Problem requirements => Beneath this line sits some data. Return only its lines from the one holding "So first things" through the one holding "One thing I've", inclusive, exactly, with the images removed.

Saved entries
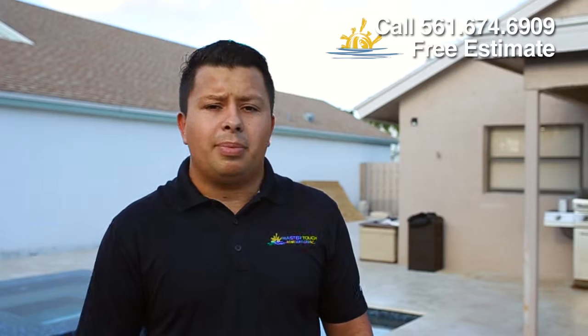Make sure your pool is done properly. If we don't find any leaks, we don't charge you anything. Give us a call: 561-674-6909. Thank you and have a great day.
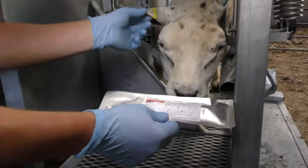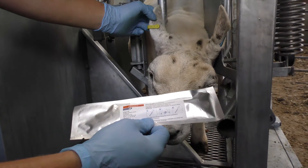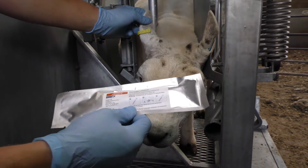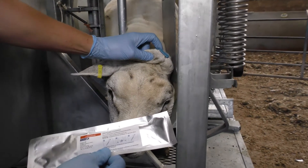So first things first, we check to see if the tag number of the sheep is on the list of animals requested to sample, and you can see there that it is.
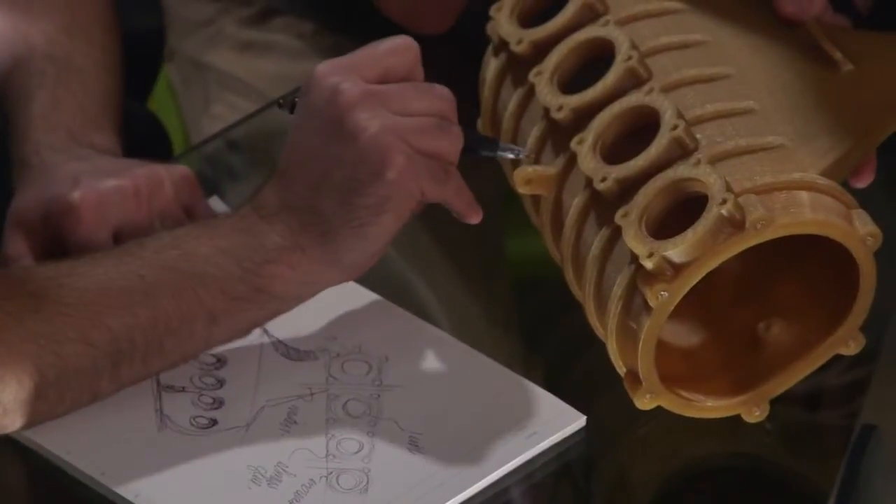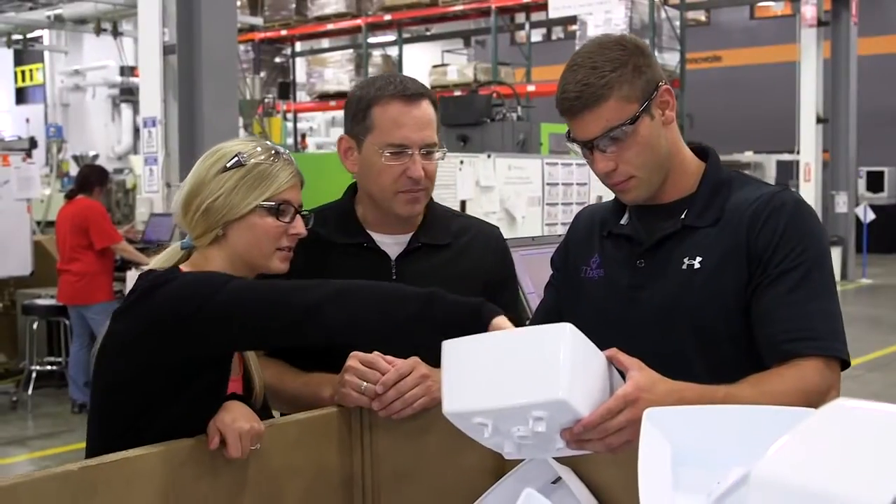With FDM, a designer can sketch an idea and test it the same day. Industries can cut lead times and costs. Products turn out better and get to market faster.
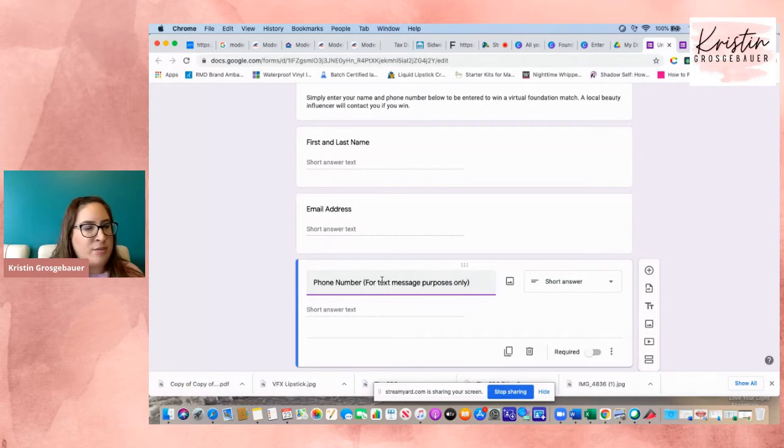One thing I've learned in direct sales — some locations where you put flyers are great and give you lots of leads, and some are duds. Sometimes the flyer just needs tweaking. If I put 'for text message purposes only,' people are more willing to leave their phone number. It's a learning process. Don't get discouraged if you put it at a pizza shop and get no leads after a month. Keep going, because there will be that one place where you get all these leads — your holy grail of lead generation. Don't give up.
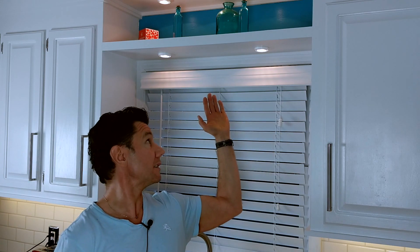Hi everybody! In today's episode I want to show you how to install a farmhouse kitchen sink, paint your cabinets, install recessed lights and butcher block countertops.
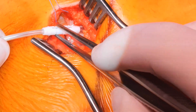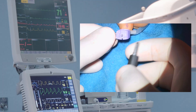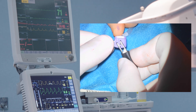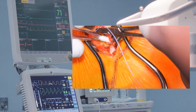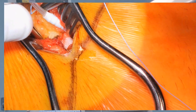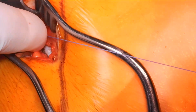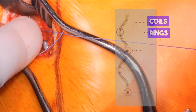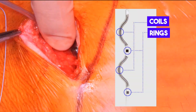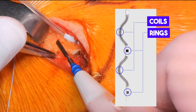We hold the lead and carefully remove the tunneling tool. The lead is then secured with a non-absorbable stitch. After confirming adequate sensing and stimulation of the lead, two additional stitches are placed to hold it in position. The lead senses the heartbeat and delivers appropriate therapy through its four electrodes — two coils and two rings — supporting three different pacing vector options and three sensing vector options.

Exercise answer =>
So first things first, we check to see if the tag number of the sheep is on the list of animals requested to sample, and you can see there that it is.
With FDM, a designer can sketch an idea and test it the same day. Industries can cut lead times and costs. Products turn out better and get to market faster.
One thing I've learned in direct sales — some locations where you put flyers are great and give you lots of leads, and some are duds. Sometimes the flyer just needs tweaking. If I put 'for text message purposes only,' people are more willing to leave their phone number. It's a learning process. Don't get discouraged if you put it at a pizza shop and get no leads after a month. Keep going, because there will be that one place where you get all these leads — your holy grail of lead generation. Don't give up.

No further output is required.